ATLANTIC CITY – Standing before the all-male City Council with the state's overseer, Timothy Cunningham, to their left, the three female leaders from the Bungalow Park, Chelsea Heights, and Venice Park sections of Atlantic City made their intentions crystal clear.

Either the 2,421 signatures they and 119 volunteers had collected and turned in to the city clerk Wednesday — twice the required number, they say — would result in a Council ordinance giving residents the right of a referendum if the state moves to sell or lease the municipal water authority, or, "We go to court," said Carol Ruffu of Chelsea Heights.

Sheila Hull-Freeman of Bungalow Park urged the Council not to avoid acting just because the state, with its vast powers over the city due to a takeover law, might try to prevent a resolution from being introduced, or might veto it afterwards.

"We have stood strong with our city government, always respecting the sovereignty of our city government even when no one else did," Hull-Freeman said. "We really need our city government to accept the resolution put forth on behalf of all the signatures collected.

"If it has to go beyond this point, " she added, "we will see you in court."

Added Alma Johnson of Venice Park, turning to look at Cunningham:  "We are sick and tired of it."

It was striking to see the three assert power before the all-male Council and state overseers. The middle-class enclaves they represent along the back bays and canals are often overlooked in discussions of the casino-dominated town.

Ruffu said the grass-roots effort had grown in momentum as petitions were circulated door to door with the rallying cry of stopping Gov. Christie from moving to sell the Municipal Utility Authority, valued at $100 million.

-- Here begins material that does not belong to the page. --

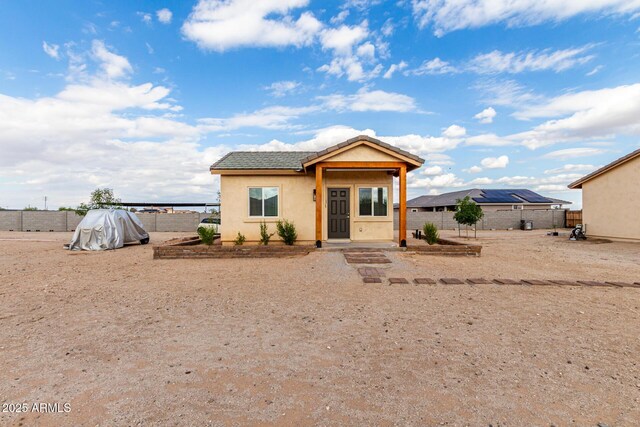 19436 W Windsor Ave, Buckeye, AZ 85396 - bungalow-style home with a fenced backyard, a tile roof, and stucco siding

The petitions are about twice what is required by law — up to 15 percent of the number of city voters who voted in the last Assembly election — to force an initiative and referendum.

"We came out on Saturdays. We had help from faith-based churches, residents working in their neighborhoods, volunteers from Food and Water Watch and the Green Party. Boston, Pennsylvania, Delaware, Maryland and Washington, D.C.," Ruffu said.

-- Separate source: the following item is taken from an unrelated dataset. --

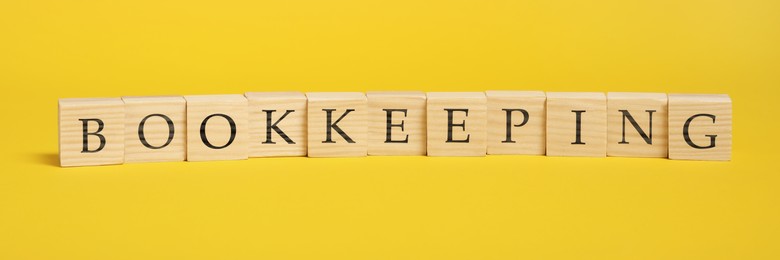 Word Bookkeeping made with wooden cubes on yellow background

"This was viewed nationally as a movement, and all eyes were on Atlantic City," she said. "The citizens went out there, the voters of Atlantic City turned in 2,421 signatures, and I'm very proud of that."

Council President Marty Small Sr. said that if the clerk certifies the required number of signatures, the Council would vote on a resolution that would authorize a referendum on any sale or dissolution of the MUA.

"We'll put it on the agenda for a vote," he said. "The state can overrule anything we can do. We're going to move forward for the people of the city of Atlantic City."

Cunningham called the petition drive "premature," and said the state had not made any decisions regarding the utility. On his last visit to the city, Christie seemed to have softened his stance on a sale, noting the desire of residents to keep it in public hands. Several water companies with political ties have expressed interest.

"We haven't done anything," Cunningham said. "We haven't made a determination of what to do."

The Municipal Stabilization and Recovery Act, in addition to giving the state veto power over Council actions, says any referendum would be considered advisory. But Lena Smith of Food and Water Watch, who has been organizing in Atlantic City for a year, said civil rights attorneys were prepared to challenge that part of the law in court.

She said the petition drive was not premature, but proactive.

"This ordinance is about getting back the rights that were lost when the state takeover law was passed," Smith said. "It's about citizens' civil rights. We want to make sure we have the right to control our water, which the state takeover law does not clearly state we have the right to do."